WHAT NEEDS TO BE DONE — Your answer must be the data repeated exactly, with no pictures in it.

GIVEN DATA —
◆ ◆ ◆

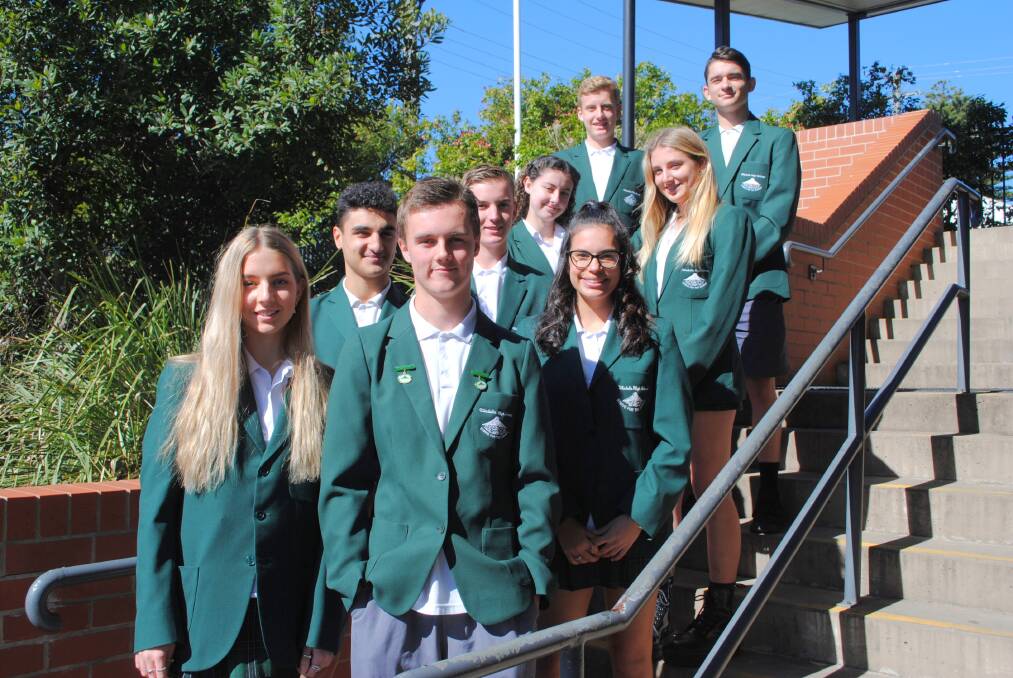 2019/20 school captains Jade Mudge and Patrick Armstrong (front), vice-captains Ziad El Togby and Tear Locke (2nd row) and prefects Harrison Drury, Chloe Randazzo, Grace Gillies, Jack Skinner and Harrison D'Ombrain.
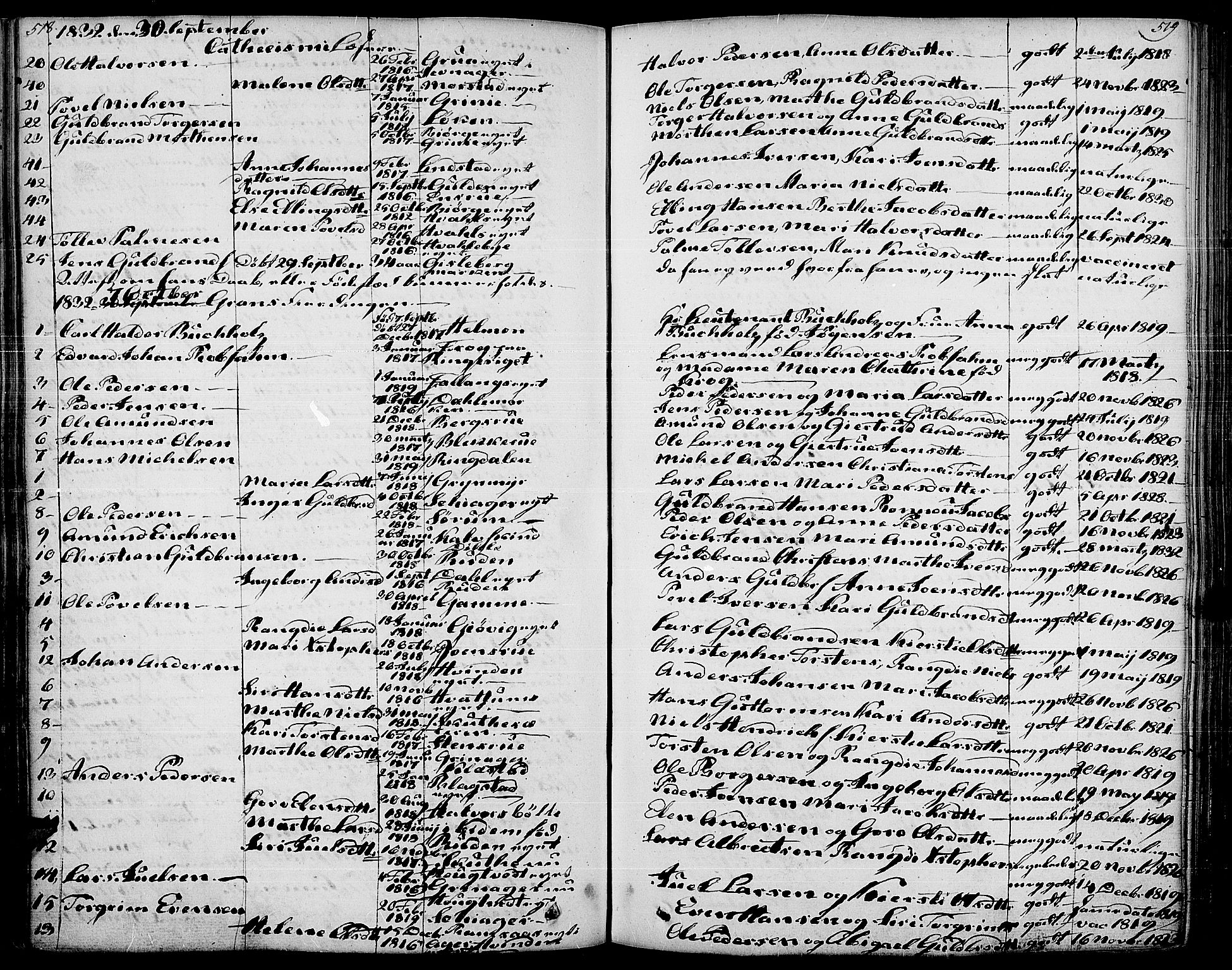Gran prestekontor, AV/SAH-PREST-112/H/Ha/Haa/L0010: Parish register (official) no. 10, 1824-1842, p. 518-519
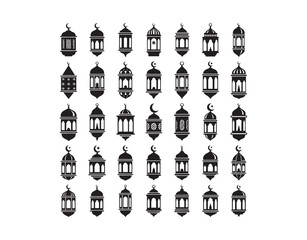 Islamic Lantern Silhouette Icon Collection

◆ ◆ ◆

SOLUTION TO THIS PROBLEM —
 2019/20 school captains Jade Mudge and Patrick Armstrong (front), vice-captains Ziad El Togby and Tear Locke (2nd row) and prefects Harrison Drury, Chloe Randazzo, Grace Gillies, Jack Skinner and Harrison D'Ombrain.
Gran prestekontor, AV/SAH-PREST-112/H/Ha/Haa/L0010: Parish register (official) no. 10, 1824-1842, p. 518-519
 Islamic Lantern Silhouette Icon Collection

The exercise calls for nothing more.